Il mistero del volto [7]
“Un altro mistero lo riguarda: nessuno ha mai visto il volto di San Šarbel dopo il suo ingresso nel monastero, tranne ovviamente i suoi confratelli. Nessuno lo ha mai ritratto, né fotografato in vita. Aveva sempre il cappuccio calato sugli occhi. Eppure oggi abbiamo di lui una immagine che lo rappresenta con gli occhi volti in basso, con un viso dolce illuminato da una bontà ultraterrena e da una mistica pensosità, incorniciato da una auste­ra e saggia barba bianca ed un semplice cappuccio da frate.
Da dove proviene dunque questa immagine? L’8 maggio 1950, cioè mezzo secolo dopo la sua morte, in coincidenza con la sua data di nascita, quattro missionari maroniti scattarono una foto di gruppo insieme al custode presso la sua tomba.

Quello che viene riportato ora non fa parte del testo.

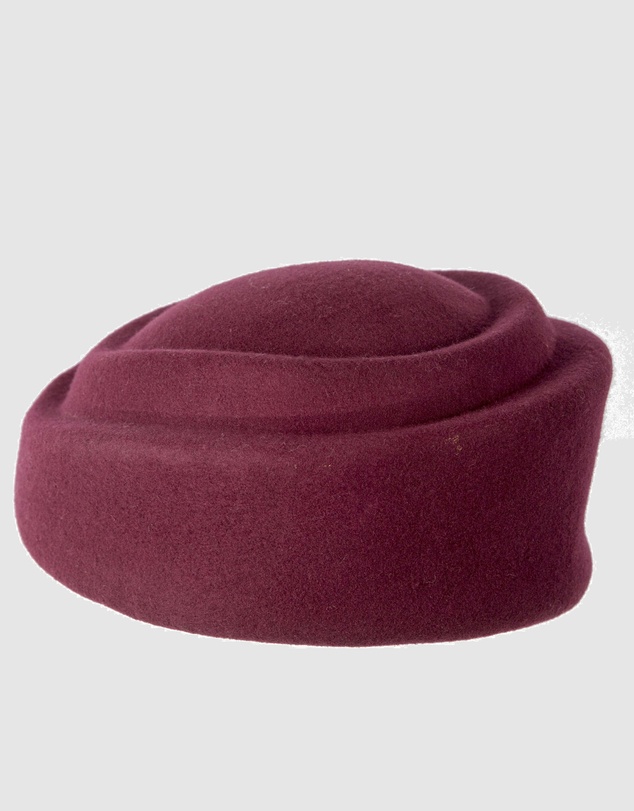 Max Alexander - Felt Wine Pillbox Hat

Durante lo sviluppo apparve un sesto personaggio, un monaco dalla barba bianca, a mezzo busto, con il cappuccio e gli occhi abbassati. Non vi era alcun fotomontaggio ed i monaci più anziani riconobbero in quel volto San Šarbel con i tratti degli ultimi suoi giorni di vita mortale. San Šarbel Makhluf rimane dunque una tra le figure più meravigliose ed intense della fede universale, ed un esempio di rettitudine e profusione di un mistico amore che ha pochi eguali nella storia dell’umanità”.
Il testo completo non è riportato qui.